Unter den neu arrangierten Arbeiten stechen “On the Nature of Daylight” und “Flowers of Herself” als besondere Kostbarkeiten heraus. “On the Nature of Daylight” stammt von der wegweisenden Scheibe “The Blue Notebooks”, wo es mit fünf Streichern in einer intimen Fassung zu erleben war. Jetzt erklingt es mit über 65 Streichern des empfindsam musizierenden Baltic Sea Philharmonic und entfaltet in der großflächigen Form eine überwältigende Wirkung.
“Flowers of Herself” gehört Richters Musik zu Wayne McGregors Ballett “Woolf Works” an. Es fand aus programmatischen Gründen nicht Eingang in das Album “Three Worlds: Music From Woolf Works”. Jetzt präsentiert Max Richter das Stück in einer Weltersteinspielung.
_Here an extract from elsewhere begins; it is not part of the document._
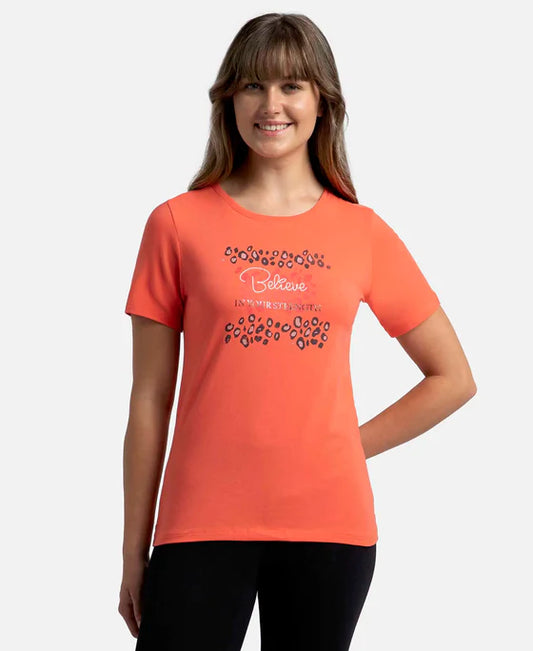 #1361 Super Combed Cotton Elastane Stretch Regular Fit Graphic Printed Round Neck Half Sleeve T-Shirt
Dargeboten in einer Lang- und Kurzversion, bildet es mit seiner hochdynamischen Stimmung den Kontrapunkt zu dem lyrisch fließenden Klangstrom von “Exiles”.
Einübung des Mitgefühls
In dem Ballett von McGregor hatte “Flowers of Herself” die Funktion, die ruhelose Geschäftigkeit des Stadtlebens darzustellen. “In der Stadt sind alle unterwegs, es ist Bewegung, Bewegung, Bewegung”, so Richter, der mit dem Stück im Kontext seines neuen Albums das Fluchtmoment unser aller Leben ins Blickfeld rücken möchte. In “Exiles” dagegen stellt sich Flucht als langer, mühsamer Weg dar. Das Orchesterwerk, eine 33-minütige Ballettmusik, die von den beiden Haus-Choreographen des Nederlands Dans Theater, Paul Lightfoot und Sol León, in Auftrag gegeben und 2017 zu dem Tanztheaterstück “Singulière Odyssée” in Den Haag uraufgeführt wurde, entfaltet eine beeindruckend weiträumige, elegische Klangpoesie. Die Musik schreitet in wiederkehrenden Mustern gemessen voran. Der Weg scheint sich endlos hinzuziehen, bis er sich am Ende in bebenden Zonen verliert. Eine bedrohliche, hochverletzliche Atmosphäre, die nachdenklich, mitfühlend stimmt. Genau das, was der Komponist beabsichtigte.